2. Don’t play sector favorites. If the recession and sluggish recovery taught us anything, it’s that government isn’t great at picking winners. In Boston, we resisted the temptation to attract a specific sector, and it’s paying off. Designers, software programmers, marketers, lawyers, bio engineers, and more have all found a supportive place to grow in the Innovation District.
3. Don’t treat after work needs as an afterthought. Last year we launched Boston IDEA (Innovation District Entrepreneurs After work) to help companies connect with their neighbors outside of business hours. After a summer block party and a Rock Band competition, we now have a bona fide social group that companies can plug into once they arrive.
4. Provide food for thought, literally.
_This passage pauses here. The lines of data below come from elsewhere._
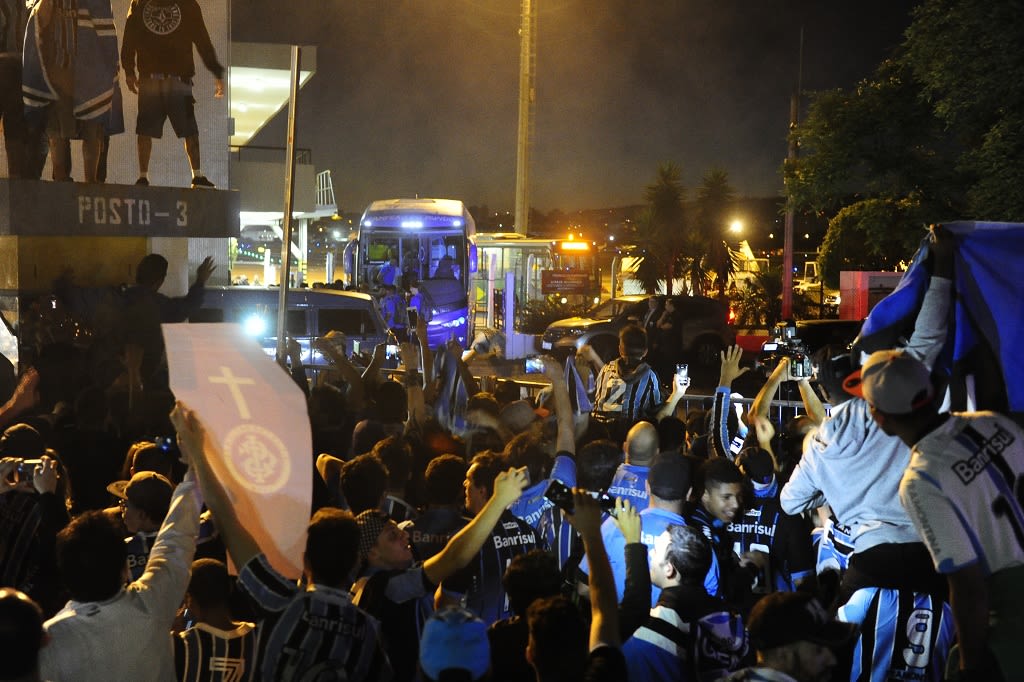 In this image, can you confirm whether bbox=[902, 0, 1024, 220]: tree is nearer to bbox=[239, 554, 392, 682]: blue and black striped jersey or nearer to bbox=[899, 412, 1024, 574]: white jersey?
bbox=[899, 412, 1024, 574]: white jersey

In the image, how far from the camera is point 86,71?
7.71 metres

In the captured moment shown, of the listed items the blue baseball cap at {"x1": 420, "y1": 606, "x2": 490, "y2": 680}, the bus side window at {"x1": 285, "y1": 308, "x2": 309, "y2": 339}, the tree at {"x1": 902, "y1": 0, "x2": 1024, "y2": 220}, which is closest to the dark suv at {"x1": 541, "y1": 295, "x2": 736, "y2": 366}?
the tree at {"x1": 902, "y1": 0, "x2": 1024, "y2": 220}

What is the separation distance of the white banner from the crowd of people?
7 centimetres

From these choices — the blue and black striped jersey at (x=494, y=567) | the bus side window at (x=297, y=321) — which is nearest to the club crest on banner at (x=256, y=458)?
the blue and black striped jersey at (x=494, y=567)

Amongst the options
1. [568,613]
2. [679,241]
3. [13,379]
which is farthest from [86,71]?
[679,241]

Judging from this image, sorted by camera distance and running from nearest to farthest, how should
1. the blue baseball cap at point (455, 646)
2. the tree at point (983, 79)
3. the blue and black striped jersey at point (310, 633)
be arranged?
the blue baseball cap at point (455, 646)
the blue and black striped jersey at point (310, 633)
the tree at point (983, 79)

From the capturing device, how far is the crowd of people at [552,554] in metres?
3.16

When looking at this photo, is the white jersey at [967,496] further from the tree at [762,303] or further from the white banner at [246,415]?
the tree at [762,303]

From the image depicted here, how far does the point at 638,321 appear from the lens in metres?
23.1

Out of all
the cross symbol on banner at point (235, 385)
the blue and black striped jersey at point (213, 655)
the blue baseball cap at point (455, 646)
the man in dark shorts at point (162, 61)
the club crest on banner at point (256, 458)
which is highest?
the man in dark shorts at point (162, 61)

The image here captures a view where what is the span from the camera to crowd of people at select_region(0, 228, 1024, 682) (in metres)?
3.16

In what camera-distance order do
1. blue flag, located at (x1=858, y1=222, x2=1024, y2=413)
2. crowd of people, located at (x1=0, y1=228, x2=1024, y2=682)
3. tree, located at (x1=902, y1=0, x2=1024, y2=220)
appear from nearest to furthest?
crowd of people, located at (x1=0, y1=228, x2=1024, y2=682) → blue flag, located at (x1=858, y1=222, x2=1024, y2=413) → tree, located at (x1=902, y1=0, x2=1024, y2=220)

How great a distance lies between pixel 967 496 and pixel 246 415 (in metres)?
2.42

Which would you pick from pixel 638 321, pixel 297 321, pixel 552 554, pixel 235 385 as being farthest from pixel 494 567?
pixel 638 321
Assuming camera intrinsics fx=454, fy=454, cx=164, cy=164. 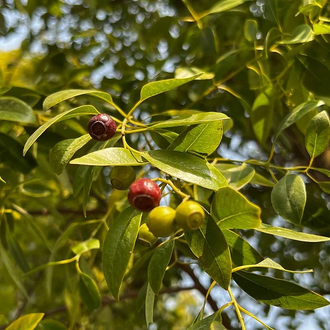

The restaurants at Liberty Wharf, Atlantic Wharf and in the Seaport/Fort Point area have been essential to the Innovation District’s success. They’re some of the hottest destinations in Boston, giving employees on the waterfront places to relax and visitors added incentive to explore the area.
5. Welcome companies and recognize talent. This sounds obvious, but it’s easy to overlook. Businesses want to know that the city cares about their success, so highlighting their achievements and contributions is a must. I visit companies regularly, invite CEOs to join me at events, and talk about their successes in public. When Brightcove took its employees on a first tour of their new waterfront headquarters, I took the tour right along with them.
6. Create a (warranted) buzz. People want to work in cool places, but building buzz means more than talking a good game. Babson’s new classrooms, along with events like the Boston Local Food Festival, Extreme Sailing, and cliff diving off the ICA have helped give the Innovation District its identity.
7. Finally, attracting entrepreneurs means acting like one. Be responsive. Always look out for opportunities to recruit new companies. And don’t let bureaucracy get in the way of progress.
So, what’s in store for 2012?
8. Build a public innovation center. One of the country’s first, this will be a place for entrepreneurs to come together, showcase their latest ideas, and create new ones.
9. Foster collaboration at home. With smaller floor plans to increase affordability and shared living spaces to promote collaboration, developers will pilot several innovation housing units to better serve the live/work needs of entrepreneurs.
10. More, more, more. What’s perhaps most exciting for us are the new companies and restaurants that are sure to open and the new VC’s and university centers we hope to attract.
We like to say that from Boston’s waterfront you see Boston’s future. It’s a bright one because more talent is on the way.